The Bharatiya Janatha Party (BJP) has always projected itself as a party with a difference. When three of its Members of Parliament, former minister Faggan Singh Kulaste, Mahavir Bhagora and Ashok Argal, walked into the well of the Lok Sabha with wads of currency notes during the confidence vote debate earlier this week, BJP leaders adopted a “I told you so” posture about horse trading.

Ironically, BJP lawmakers have been in the forefront of recent cases of corruption involving MPs. Two such instances are still vivid in people’s memory: the cash-for-query scandal and the misuse of the MPLADS scheme. This had led to expulsion or suspension of several MPs, including those belonging to the BJP.

In fact, one of the dramatis persona of the Tuesday episode, Faggan Singh Kulaste, a former minister in the NDA government, was suspended by the BJP in 2005 after his involvement in the MPLADS scam came to light. Nobody is sure if the party had revoked his suspension. Why involve a tainted MP in a fresh controversy which the opposition has described as a “drama.”? It only undermines the credibility of the BJP’s version of the facts.

Following history

Former Madhya Pradesh chief minister Digvijay Singh had an interesting nugget about Ashok Argal, BJP MP from Morena, who was among the three MPs who alleged that he had been bribed by the Samajwadi Party to abstain in the trust vote in the Lok Sabha.

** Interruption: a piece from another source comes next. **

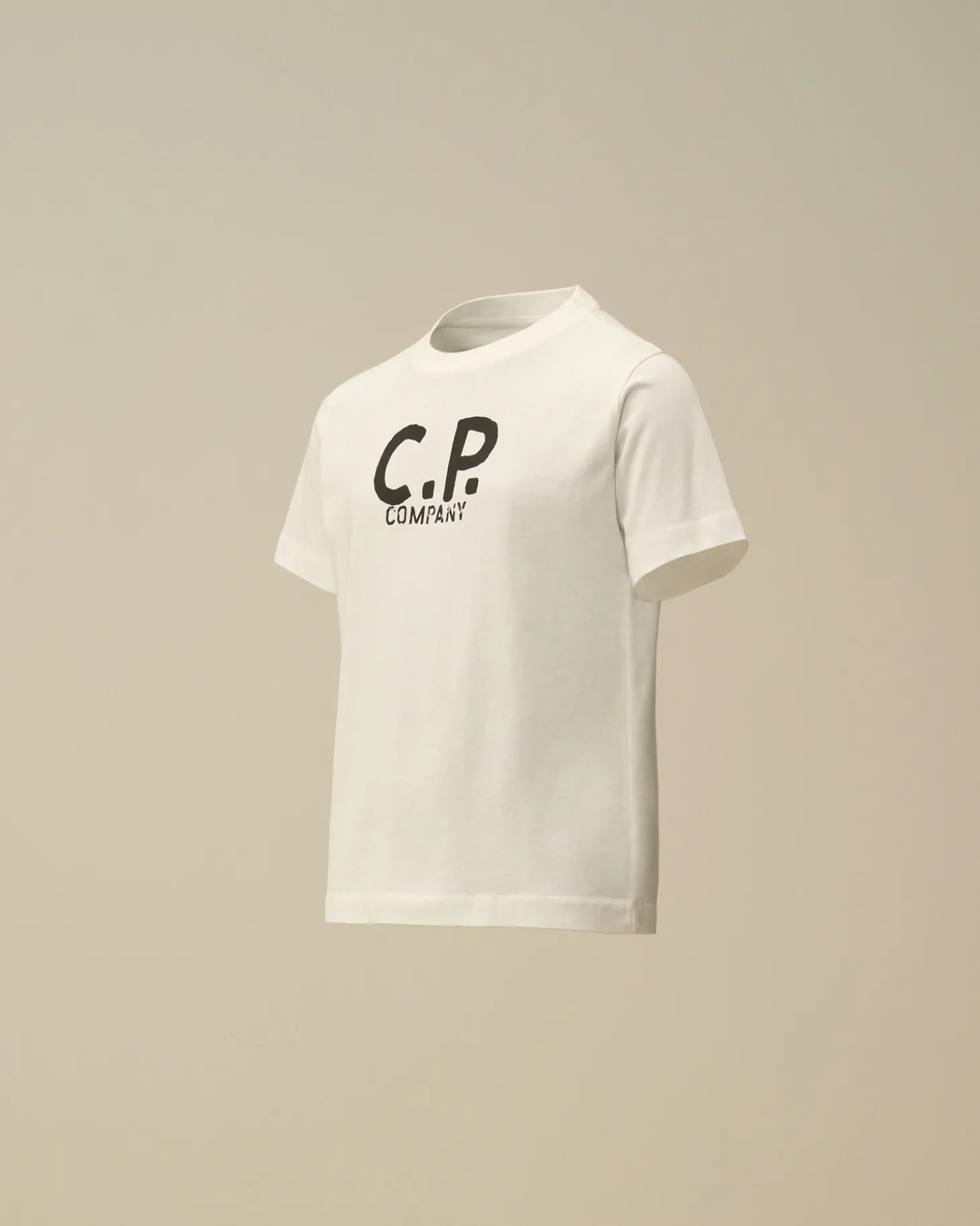 U16 Cotton Jersey 30/1 Printed Logo T-Shirt<C.P. Company Cheap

Singh recalls that his father, Chabiram Argal, who was also an MP from Morena when the Janata Party was in power in 1977, had made a similar allegation in Parliament. He had charged the then Prime Minister Charan Singh of attempting to bribe him through emissaries to vote for him in the Lok Sabha. Talk about history repeating itself.

UPA cynosure

On the day of the crucial trust vote debate in the Lok Sabha, Rahul Gandhi may have “spoken like an Indian” and not a political party member, but the obsequious attention which the UPA members showered on the young MP ensured that his claim sounded a bit empty.

Rahul appeared no less than the UPA’s guest of honour, with MPs young and old taking turns to boost Rahul’s morale just before it was his turn to speak. Even senior leaders like Shivraj Patil were seen giving pearls of wisdom to Rahul while a tense Sonia Gandhi watched from a distance.

Not just that, but Congress leaders, lead by Pranab Mukherjee, displayed ultimate loyalty to their future leader by personally going up to the opposition benches to ensure calm as Rahul spoke. Their repeated attempts to help their leader, naturally, bore no fruit, and the house had to be adjourned.